▶ [Records shown]
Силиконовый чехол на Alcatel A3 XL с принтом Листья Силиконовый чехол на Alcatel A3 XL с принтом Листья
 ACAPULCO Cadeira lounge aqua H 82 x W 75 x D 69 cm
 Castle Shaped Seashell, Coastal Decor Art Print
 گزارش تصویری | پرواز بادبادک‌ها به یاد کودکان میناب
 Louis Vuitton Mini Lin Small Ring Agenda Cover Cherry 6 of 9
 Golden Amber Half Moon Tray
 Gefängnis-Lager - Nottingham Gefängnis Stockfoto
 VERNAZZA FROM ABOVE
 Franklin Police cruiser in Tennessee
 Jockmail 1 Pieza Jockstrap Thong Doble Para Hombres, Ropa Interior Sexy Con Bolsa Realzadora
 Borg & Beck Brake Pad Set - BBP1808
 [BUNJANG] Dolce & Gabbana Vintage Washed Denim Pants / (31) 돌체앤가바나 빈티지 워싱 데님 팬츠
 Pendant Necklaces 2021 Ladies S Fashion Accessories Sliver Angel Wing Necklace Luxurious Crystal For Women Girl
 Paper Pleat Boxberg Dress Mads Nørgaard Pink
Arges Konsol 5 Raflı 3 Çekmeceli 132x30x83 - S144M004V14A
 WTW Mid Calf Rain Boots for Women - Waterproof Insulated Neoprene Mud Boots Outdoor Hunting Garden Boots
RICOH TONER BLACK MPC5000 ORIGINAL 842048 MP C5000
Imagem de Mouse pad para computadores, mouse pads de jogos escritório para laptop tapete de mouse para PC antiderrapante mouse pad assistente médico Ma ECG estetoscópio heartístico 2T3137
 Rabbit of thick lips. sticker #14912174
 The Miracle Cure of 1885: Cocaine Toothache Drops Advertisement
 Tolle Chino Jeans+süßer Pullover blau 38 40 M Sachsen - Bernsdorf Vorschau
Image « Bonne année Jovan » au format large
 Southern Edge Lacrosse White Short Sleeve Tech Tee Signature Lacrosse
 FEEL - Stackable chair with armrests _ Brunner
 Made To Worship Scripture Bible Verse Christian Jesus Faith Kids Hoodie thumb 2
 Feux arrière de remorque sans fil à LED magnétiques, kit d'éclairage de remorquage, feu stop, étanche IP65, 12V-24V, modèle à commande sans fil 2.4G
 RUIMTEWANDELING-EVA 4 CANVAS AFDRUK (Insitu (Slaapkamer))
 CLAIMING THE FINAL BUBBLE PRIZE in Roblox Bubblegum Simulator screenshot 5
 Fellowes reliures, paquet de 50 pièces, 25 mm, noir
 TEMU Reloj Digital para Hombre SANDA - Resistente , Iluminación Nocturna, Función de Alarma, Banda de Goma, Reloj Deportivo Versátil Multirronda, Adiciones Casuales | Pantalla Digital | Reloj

▶ [Your task] Write all of the data above again, exactly as given.

▶ [Solution for this exercise]
Силиконовый чехол на Alcatel A3 XL с принтом Листья Силиконовый чехол на Alcatel A3 XL с принтом Листья
 ACAPULCO Cadeira lounge aqua H 82 x W 75 x D 69 cm
 Castle Shaped Seashell, Coastal Decor Art Print
 گزارش تصویری | پرواز بادبادک‌ها به یاد کودکان میناب
 Louis Vuitton Mini Lin Small Ring Agenda Cover Cherry 6 of 9
 Golden Amber Half Moon Tray
 Gefängnis-Lager - Nottingham Gefängnis Stockfoto
 VERNAZZA FROM ABOVE
 Franklin Police cruiser in Tennessee
 Jockmail 1 Pieza Jockstrap Thong Doble Para Hombres, Ropa Interior Sexy Con Bolsa Realzadora
 Borg & Beck Brake Pad Set - BBP1808
 [BUNJANG] Dolce & Gabbana Vintage Washed Denim Pants / (31) 돌체앤가바나 빈티지 워싱 데님 팬츠
 Pendant Necklaces 2021 Ladies S Fashion Accessories Sliver Angel Wing Necklace Luxurious Crystal For Women Girl
 Paper Pleat Boxberg Dress Mads Nørgaard Pink
Arges Konsol 5 Raflı 3 Çekmeceli 132x30x83 - S144M004V14A
 WTW Mid Calf Rain Boots for Women - Waterproof Insulated Neoprene Mud Boots Outdoor Hunting Garden Boots
RICOH TONER BLACK MPC5000 ORIGINAL 842048 MP C5000
Imagem de Mouse pad para computadores, mouse pads de jogos escritório para laptop tapete de mouse para PC antiderrapante mouse pad assistente médico Ma ECG estetoscópio heartístico 2T3137
 Rabbit of thick lips. sticker #14912174
 The Miracle Cure of 1885: Cocaine Toothache Drops Advertisement
 Tolle Chino Jeans+süßer Pullover blau 38 40 M Sachsen - Bernsdorf Vorschau
Image « Bonne année Jovan » au format large
 Southern Edge Lacrosse White Short Sleeve Tech Tee Signature Lacrosse
 FEEL - Stackable chair with armrests _ Brunner
 Made To Worship Scripture Bible Verse Christian Jesus Faith Kids Hoodie thumb 2
 Feux arrière de remorque sans fil à LED magnétiques, kit d'éclairage de remorquage, feu stop, étanche IP65, 12V-24V, modèle à commande sans fil 2.4G
 RUIMTEWANDELING-EVA 4 CANVAS AFDRUK (Insitu (Slaapkamer))
 CLAIMING THE FINAL BUBBLE PRIZE in Roblox Bubblegum Simulator screenshot 5
 Fellowes reliures, paquet de 50 pièces, 25 mm, noir
 TEMU Reloj Digital para Hombre SANDA - Resistente , Iluminación Nocturna, Función de Alarma, Banda de Goma, Reloj Deportivo Versátil Multirronda, Adiciones Casuales | Pantalla Digital | Reloj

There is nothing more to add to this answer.